Babinet finds this task fascinating, and extremely revealing. If the Grand Paris brand still remains to be defined, he believes that the current Paris brand is already fundamentally a false one. “Paris is the most shared city in the world on social media, so it seemed logical to work on that theme. Paris doesn’t have this image internationally of being a modern, high-tech place, but in fact this is the reality.”
More interesting still, Babinet sees the current Paris brand as almost being a worldwide plot to limit the city's future development. “It’s in the interest of other cities – our competition – to continue with this image of Paris as a beautiful, romantic place. It’s a nice image to have, but it can only turn the city into the ville musée, to make it the new Venice. Indirectly, it also means that Paris cannot compete in today’s business environment.”
The implications of this identity are huge. Paris is undoubtedly becoming less and less diverse and more and more uniform, so do creativity and creative industries still have their place in the city? And if this the case, who needs who more today, Paris or its suburbs? Perhaps Grand Paris will resolve this issue by mixing the international resonance of the first with the diversity and dynamism of the second.
|Interiors, © Chau Cuong Lê|
For Rémi Babinet, culture will be one of the key elements that will dictate whether Grand Paris is successful or not. In many ways though, his role is to promote an offer that already exists across the region. “Paris has the largest amount of cultural activities in the world taking place each day – and that’s without taking into account its suburbs. When we add in the theatres, museums, galleries, concert, cinemas in these towns, the number becomes phenomenal.”
Rémi Babinet sees the future Paris as a place not with one centre, but with many centres, all built around new multimodal poles. "Pantin will be just one of those centres," he points out, and the Magasins Généraux is just one stone in that new foundation. He hopes it will reflect a new reality, where business, culture, play and leisure can all be effortlessly combined, and where a company can be an integral part of a community.

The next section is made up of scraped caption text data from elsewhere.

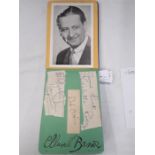 A blue autograph book with photos of Terry Thomas, Dr crock,, the royal guards, Tesse o/shea Geraldo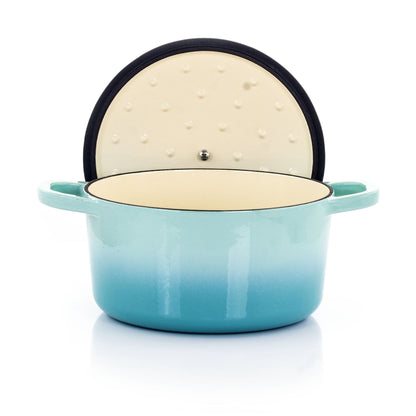 Casserole en fonte émaillée de 3 quarts de litre, couleur bleu sarcelle arctique
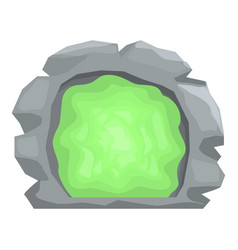 Futuristic Green Portal Icon Cartoon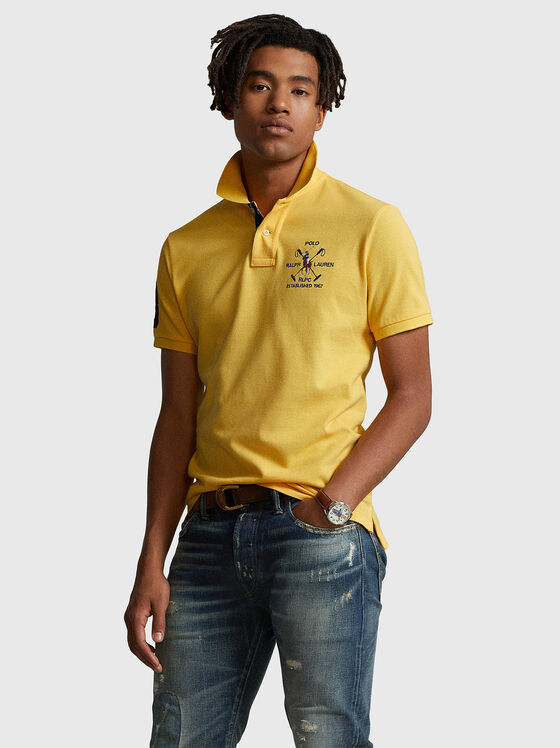 Tricou polo galben cu broderie - 1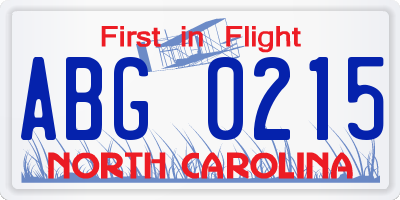 NC license plate ABG0215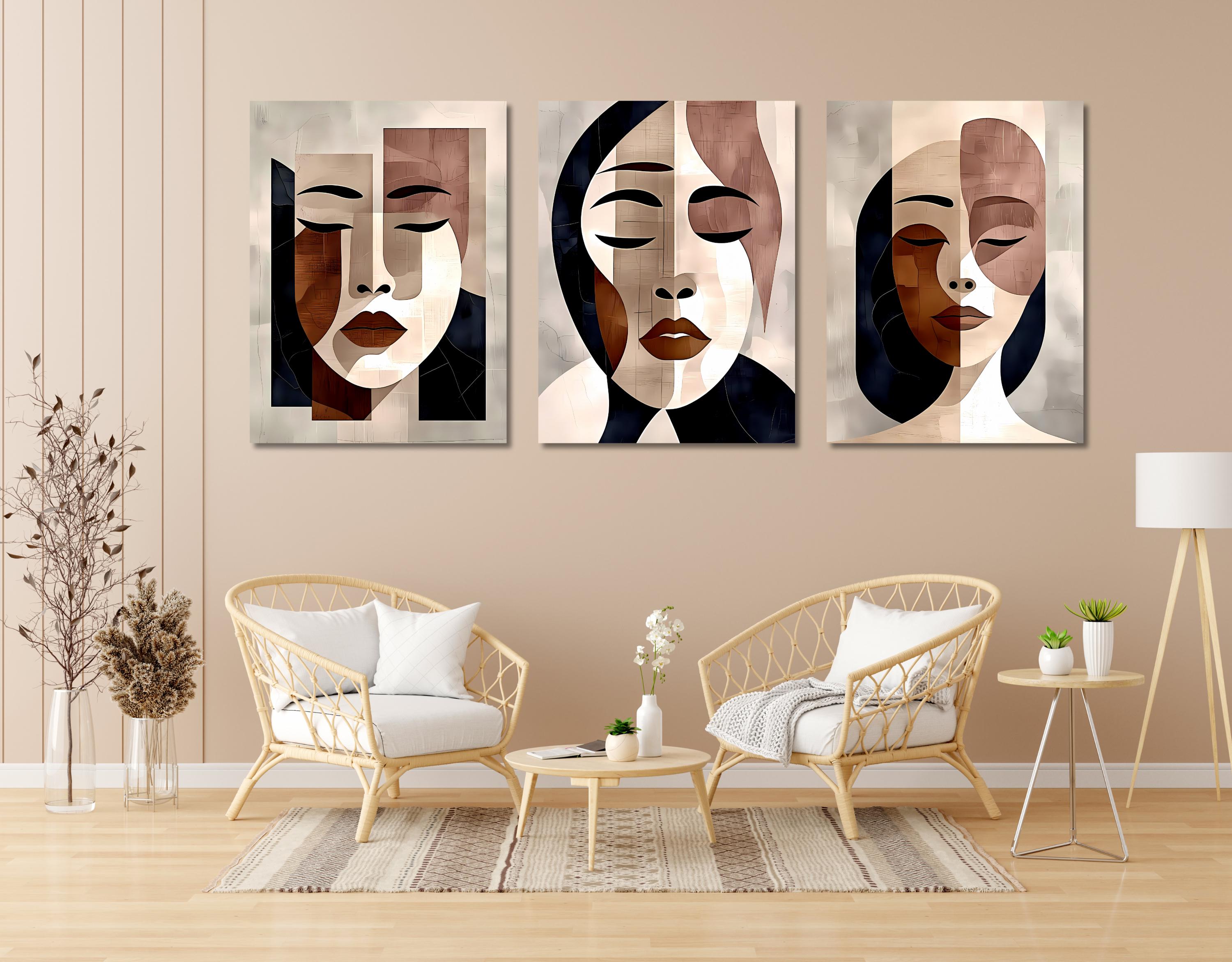 Minimalist Face Art Set: Abstract Woman Portrait, Modern Boho Decor AffinityArts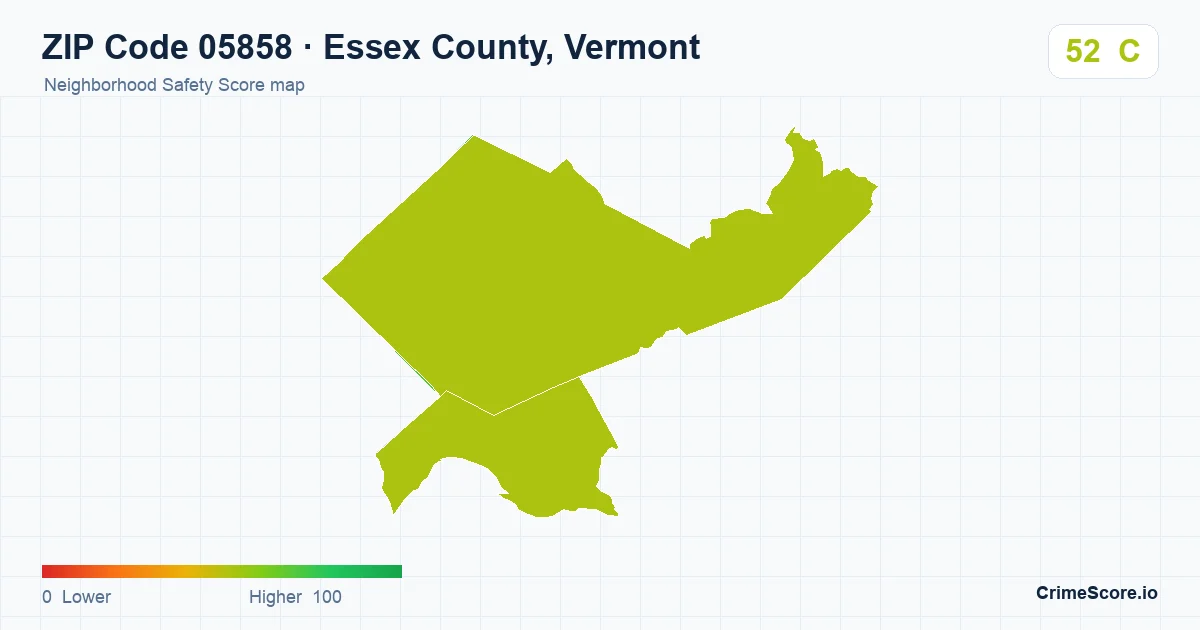 ZIP Code 05858 in Essex County, Vermont neighborhood Safety Score map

Later, Babinet shows me around the entire building, pointing out the new radio station, the zone that will welcome the company's own record label, and the kitchens that will be open to chefs who want to experiment new creations. BETC's is the invisible hand behind the promotion of identies and brands, the pen that defines the slogan, but Babinet sees its role as being much larger. “We don’t only create the message. We can be the message,” he tells me. Perhaps this is the winning formula for the future Grand Paris.